*** AVAILABLE DATA ***
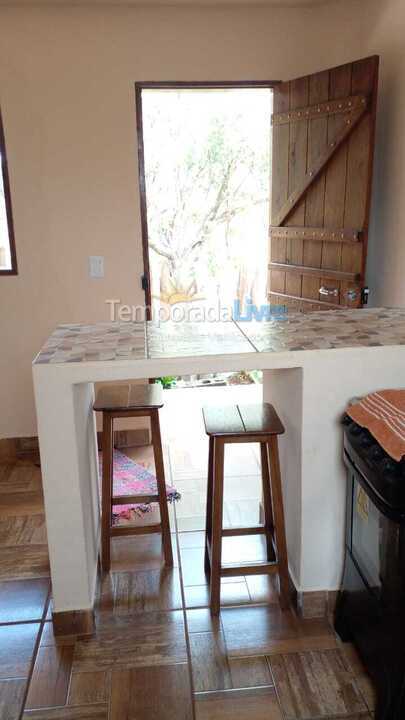 House for vacation rental in São Thomé das Letras (Cachoeira da Lua)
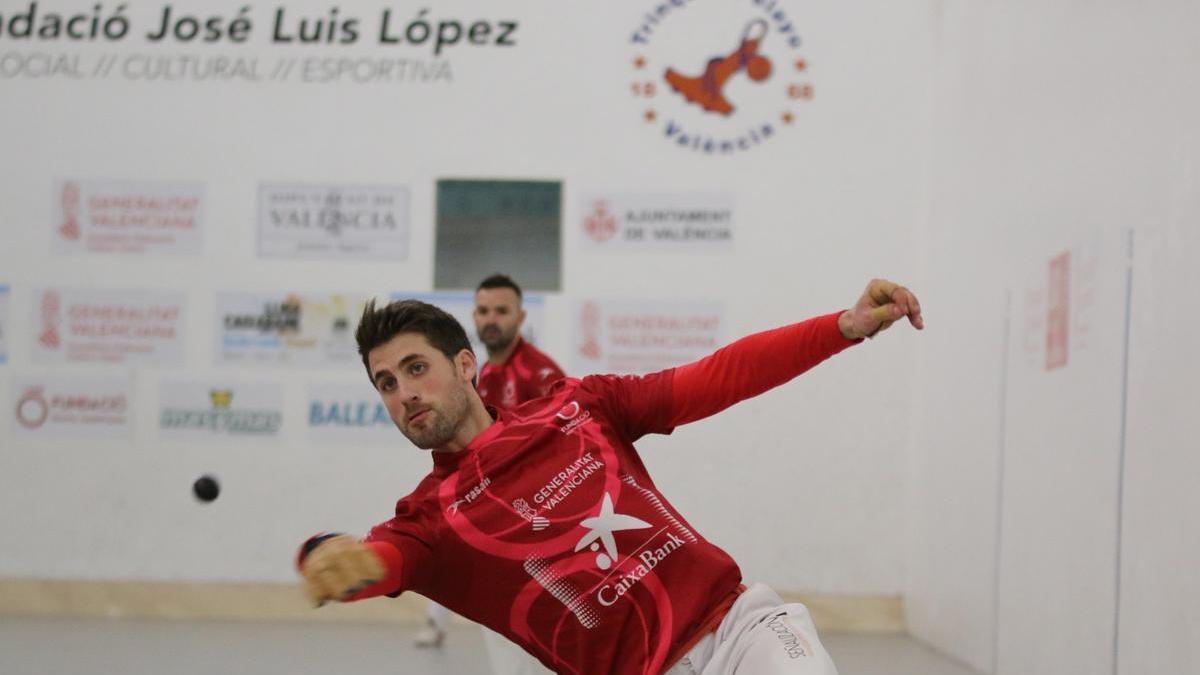 Carlos torna a repetir amb Santi com a company després de ser campions en la Lliga d'escala i corda del 2022.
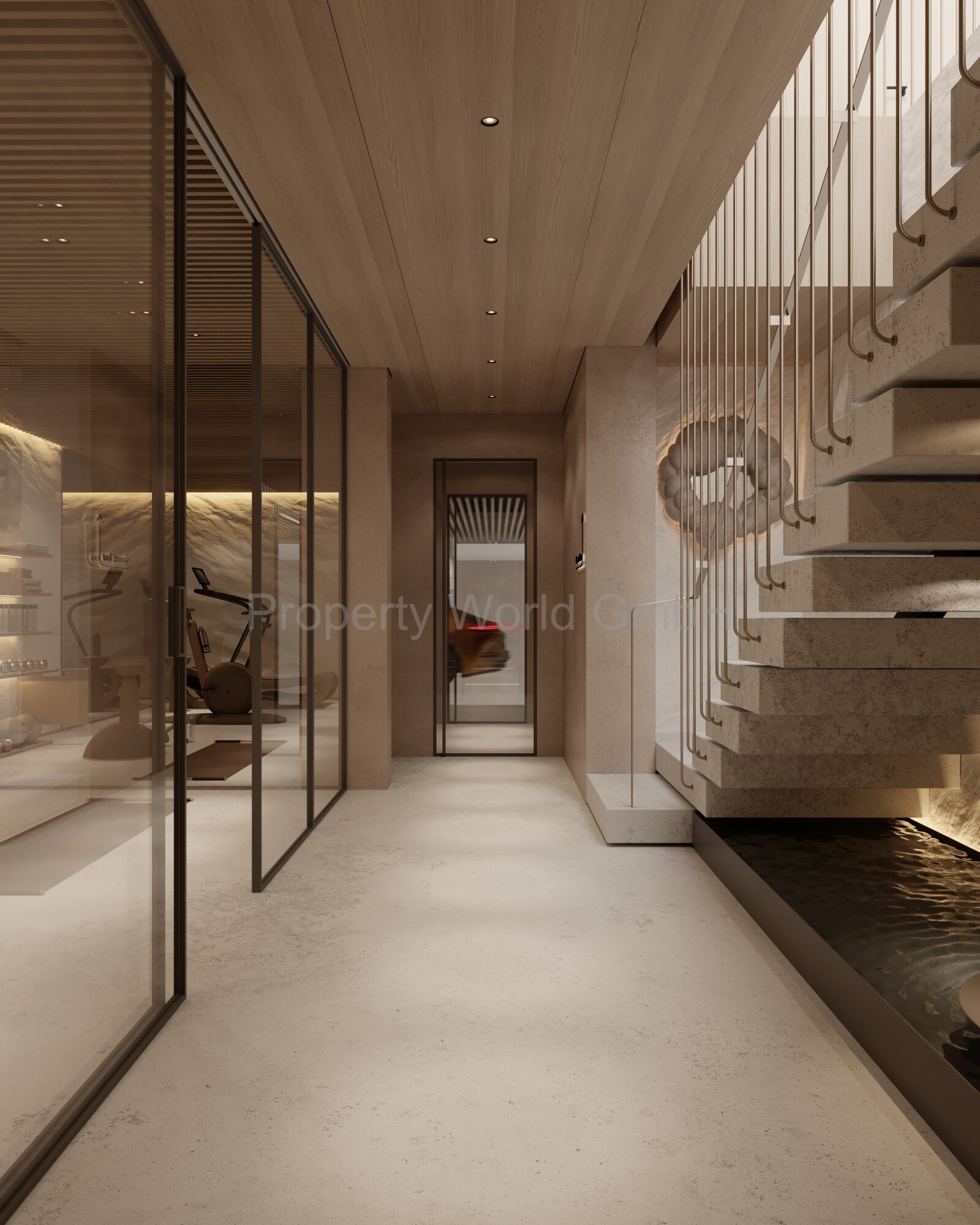 Luxury Garden Suite "Left" in San Agustin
*** End of AVAILABLE DATA ***
WHAT YOU NEED TO DO: The data above, line by line: transcribe it exactly and drop the pictures.

ANSWER BELOW:
 House for vacation rental in São Thomé das Letras (Cachoeira da Lua)
 Carlos torna a repetir amb Santi com a company després de ser campions en la Lliga d'escala i corda del 2022.
 Luxury Garden Suite "Left" in San Agustin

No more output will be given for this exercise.